As a member of the The Three Stooges Fan Club and online site, I have to say, CURLY!!!!! Who is Shemp????:third:


----------



## Cavan Allen (Jul 22, 2004)

Curly. No question about it.


----------



## Robert Hudson (Feb 5, 2004)

What about Curly Joe? Here's a question for you... which were actual brothers, and which one lived the longest?


----------



## Dave_Discus (Oct 16, 2006)

Moe and Curly were brothers....Moe lived longer cuz curly stroked out at 
a reasonably young age. Curly was the man. They say people in public
would come up and abuse Curly in ....slapping...nose tweaking...
HE DIDN'T LIKE IT.


----------



## Robert Hudson (Feb 5, 2004)

Its amazing to me that young people still know who the three stooges are. Is it still being shown on TV?


----------



## RoseHawke (Jan 4, 2005)

frugalfish said:


> woop, woop, woop, woop, woop, nyah, nyah, a wise guy eh?


Hey, I thought it was "nyuk, nyuk, nyuk?"


----------



## Blacksunshine (Aug 11, 2006)

lol Curly. Shemp always seemed out of place.


----------



## dennis (Mar 1, 2004)

Curly definately!!! Shemp was ok but I never liked Joe.


----------



## Cavan Allen (Jul 22, 2004)

I definitely prefer Curly but can handle Shemp fine. Curly Joe is just sad. 
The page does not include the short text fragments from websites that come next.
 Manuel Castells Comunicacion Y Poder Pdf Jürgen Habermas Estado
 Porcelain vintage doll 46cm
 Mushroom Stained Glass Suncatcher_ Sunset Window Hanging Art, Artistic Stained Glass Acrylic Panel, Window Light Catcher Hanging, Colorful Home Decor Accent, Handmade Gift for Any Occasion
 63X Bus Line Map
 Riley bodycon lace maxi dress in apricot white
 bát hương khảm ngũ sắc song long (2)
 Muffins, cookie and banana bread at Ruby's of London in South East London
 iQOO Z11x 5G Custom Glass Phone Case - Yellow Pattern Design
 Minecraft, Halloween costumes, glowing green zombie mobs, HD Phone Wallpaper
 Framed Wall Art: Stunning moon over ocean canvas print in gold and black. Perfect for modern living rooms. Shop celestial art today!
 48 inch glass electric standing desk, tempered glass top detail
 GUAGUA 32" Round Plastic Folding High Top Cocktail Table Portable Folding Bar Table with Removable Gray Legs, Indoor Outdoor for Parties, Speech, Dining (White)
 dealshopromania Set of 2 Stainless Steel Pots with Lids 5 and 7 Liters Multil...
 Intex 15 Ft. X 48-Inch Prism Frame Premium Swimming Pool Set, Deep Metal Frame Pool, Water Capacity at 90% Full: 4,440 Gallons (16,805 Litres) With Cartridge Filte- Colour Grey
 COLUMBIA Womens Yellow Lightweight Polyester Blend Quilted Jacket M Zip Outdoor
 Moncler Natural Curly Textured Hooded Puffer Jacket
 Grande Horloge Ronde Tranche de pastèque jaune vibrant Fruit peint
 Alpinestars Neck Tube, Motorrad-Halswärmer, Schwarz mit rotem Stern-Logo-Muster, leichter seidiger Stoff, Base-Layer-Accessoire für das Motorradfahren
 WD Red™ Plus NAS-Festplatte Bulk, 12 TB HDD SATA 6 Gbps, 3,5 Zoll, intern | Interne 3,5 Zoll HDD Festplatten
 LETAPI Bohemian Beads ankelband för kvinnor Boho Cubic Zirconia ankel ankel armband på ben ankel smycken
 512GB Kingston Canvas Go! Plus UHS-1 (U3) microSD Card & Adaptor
Yes, it's still on TV. I believe it's on Spike.


----------



## jmanrow (Sep 10, 2006)

Moe, Shemp, and Larry were the original Stooges. Moe, Curly, and Shemp Howard were brothers. When Curly had a stroke and could no longer work, Shemp rejoined the Stooges. After Shemp's death, Joe Besser joined Moe & Larry. the last Stooge to work with Moe & Larry was Curly Joe. After the Death of Larry Fine in 1975, Moe died shortly afterwards. Curly-Joe Derita was the last to die in 1993. 
The Three Stooges Official Website


----------



## jmanrow (Sep 10, 2006)

If you get a chance, rent the movie "The Three Stooges" (2000). It is a very well-acted biography of the Stooges' career and lives. The Three Stooges (2000) (TV)


----------